Now this might not seem ipad specific yet but hang in there! At this stage my aim was to integrate the ipad with existing technologies in a bid to ensure students could hook into technologies relevant to their needs. I should add they are a mixed ability class. One of the big pluses of ipads has to be helping teachers provide differentiated learning opportunities. Now you’re interested?!

Next I set up a wide reading blog. Initially this was private and I emailed students invites to their school accounts. Part way through the term, take up was just two students out of 24 so I made the blog public to make it easier to access. This blog has examples of wide reading responses, suggested texts, links to sites about reading/books and the odd You Tube clip students could use for a visual response.

Although I later discovered we don’t accept posts as responses (schools have different policies on this – it is permitted in the Achievement Standard), the blog is a good resource if students are stuck for inspiration. I also promoted the blog to parents during interviews, many of whom were unsure what a reading response was.

In the first term we covered creative writing and a novel study. My big goal was to use a web adventure based on CSI investigation for them as a starter to their creative writing assessment. Unfortunately, I planned this unit of work over the summer holidays before I had the iPad so was gutted to learn the website wouldn’t load on an iPad because it needed flash 😦 Note to self: never talk up a digital learning opportunity until you’ve tested it…

I really think the class would have enjoyed a game-based approach to learning about characters and setting, and using that as a starting point for their writing. Similarly, the fantastic BBC Skills website I intended to use for grammar and punctuation doesn’t work on iPads so I had to find alternatives. Moving on (!) I incorporated iPads into lessons for:
1. Grammar and punctuation – Grammar Monster
2. Poetic devices testing– Quia
3. A shared glossy for novel – used EverNote to create and asked students to do the same using Evernote, Penultimate or Scratch.
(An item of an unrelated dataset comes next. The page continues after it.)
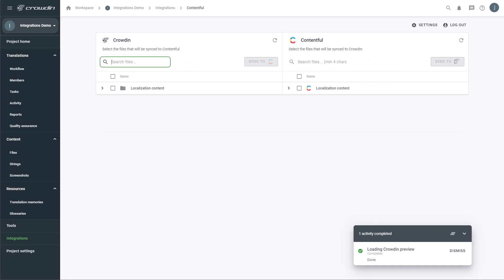And that's it! You now know how to integrate Crowdin in Contentful! But there's lots more to discover, like automatic synchronization. With Crowdin's vast array of features, you can translate content into many different languages. Find a link in the description to start a free Crowdin trial! Thanks for watching!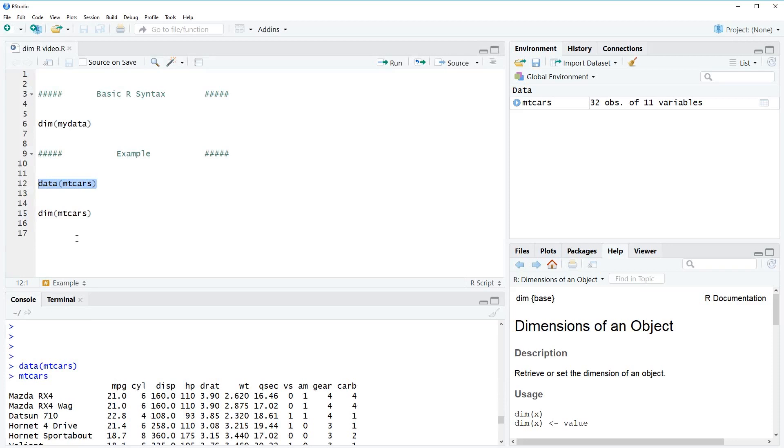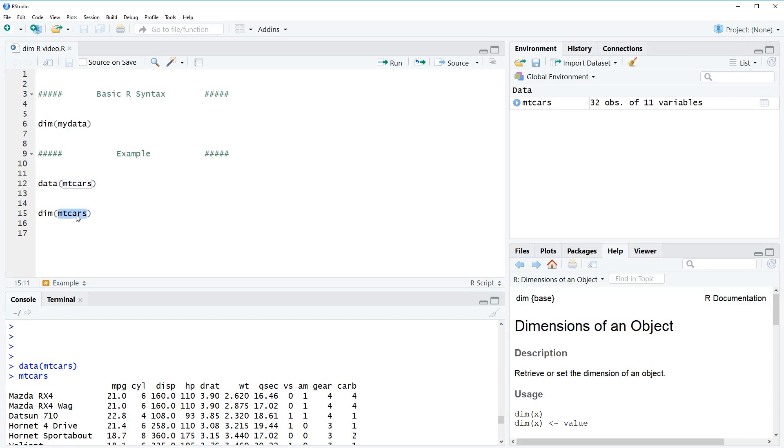Now if we want to know the dimension of this dataset, we have to apply the dim function as I showed you before. So write dim, open a bracket, and then insert the name of this dataset into the bracket. In this case, the data is called mtcars, so we simply have to write mtcars into this bracket.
I placed a link to my glossary via Koodle in case students were away/behind.

Term 2 planned uses:
Now that I’m aware of applications and shortcomings, I plan to use the ipad more regularly in lessons. My aim is to do this as seamlessly as possible. At this stage I’ve earmarked the following apps/websites:
1. Quizlet – novel terms and content testing
2. Spell City – interactive games using the glossary created in term 1
3. Prezi – for a presentation on theme for film study
4. Animoto – as above
5. Four Pics One Word – general starter
6. Cartoon Studio – plot summary film/character study
7. Auto rap – turning film reviews into rap.
8. TED – as a start for non-fiction writing

9. Socrative – range of uses but the great thing is it can be used in real time by teacher and students.

Later in the year, I hope to use the ipads for sharing/analysing essays via Drop Box or Noterize. I‘m also hoping to create a private twitter feed for a character study of Romeo and Juliet, and would also like to use iPads collaboratively when preparing for exams.

So has it been worthwhile? I guess it’s early days. For me, the biggest thing has been upskilling in “my spare time” but as with all digital learning, sometimes trusting students to sort out small glitches i.e encouraging them to be the experts is the best way forward. Being brave and giving things a go is also really important. Not everything I planned worked so you just have to move on and find an alterative.

Not surprisingly, the biggest challenge to date is not technological but around appropriate usage in the classroom. If you thought FB was bad, wait until you have to deal with snapchat/tumblr. That’s an issue we’ll be working through this term with discussions underway about developing consistent rules across all subject areas. I’m not sure what that will look like in practice but if we don’t address that issue, the ipads are doomed to become just another device to police in the classroom which would be a real shame.